Quercetin is a bioflavonoid found largely in onions, as well as apples and tea (green and black). Published research is limited, but many Hay Fever sufferers find relief for runny noses, itchy membranes, and aching joints. Bromelain, an enzyme from pineapples, works well in combination with quercetin. Try some miso-onion soup with plenty of garlic and parsley, grated carrot and a little ginger. Fresh apple, pineapple and papaya may help as well.
Essential fatty acids (EFAs) provide building blocks for prostaglandins, hormone-like substances which perform a variety of complex functions, including regulating mucus secretions, tissue swelling and hormonal balances. One class of prostaglandins made from the EFAs found primarily in meat, eggs and dairy, stimulates allergic response, promotes inflammation and suppresses immune function. The other two classes of prostaglandins block allergic response, prevent inflammation and enhance immune function. These are made from EFAs in fish, seeds, nuts and grains, legumes and vegetables. Unfortunately, the EFAs in fresh foods are usually ruined through processing and cooking. Fresh raw oils, such as flax, evening primrose and borage are the best sources, followed by whole, raw pumpkin, sesame, and sunflower seeds.

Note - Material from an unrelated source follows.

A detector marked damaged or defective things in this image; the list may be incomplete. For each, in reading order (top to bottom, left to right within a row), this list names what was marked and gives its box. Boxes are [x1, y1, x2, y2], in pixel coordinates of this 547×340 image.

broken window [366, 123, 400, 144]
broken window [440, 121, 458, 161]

Several herbs may be helpful in alleviating symptoms. Lobelia, mullein, horseradish, fenugreek and thyme are commonly used to help clear respiratory passages. Stinging nettles, especially freeze-dried, have shown antihistamine effects. Ginger, feverfew and butcher’s broom all have anti-inflammatory properties. Siberian ginseng and astragalus help support proper adrenal function, which in turn assists immune response. Licorice root is in the adrenal support group, and along with slippery elm bark, soothes the mucus membranes. The usual arsenal of immune-boosting herbs may also be helpful, but go easy on yourself; you cannot do everything at once.

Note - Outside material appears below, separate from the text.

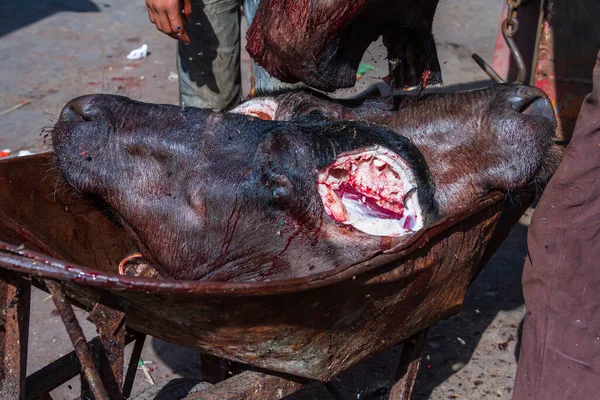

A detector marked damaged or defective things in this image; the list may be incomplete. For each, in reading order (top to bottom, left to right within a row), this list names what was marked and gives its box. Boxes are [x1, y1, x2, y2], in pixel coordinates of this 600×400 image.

rusty wheelbarrow tray [0, 152, 528, 396]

Recently published research (2002-2004) on the herb Butterbur (Petasites hybridus) has shown it to be as effective, or better than, two leading drugs for hay fever; and with less side effects. Butterbur has already been studied for incontinence, migraines and asthma. If you try this herb, use an extract with verified petasin content, and free of pyrrolizidine alkaloids (PA). Like the herbs Comfrey root and Coltsfoot, Butterbur naturally contains PA, potentially a problem for the liver. A properly made extract of these herbs should be free of PA, while preserving the herb’s beneficial constituents.
Homeopathic remedies have demonstrated effectiveness in numerous studies. They are free of side effects and can be used by anyone. Several single remedies are used to relieve specific allergy symptoms: Allium cepa, Euphrasia, Histaminum, Kali Bichromicum, Drosera rotundifolia, Arsenicum album and Urtica dioica. Most people obtain the broadest spectrum of symptom relief with special combination formulas.
Local bee pollen has been successfully used to de-sensitize pollen allergies. Be cautious with this approach – use only one granule of pollen initially, and increase the quantity gradually, one granule per day, stopping if any allergy symptoms appear. By starting this process months before the pollen season begins, you may be able to reduce or even eliminate allergic reactions to local pollen.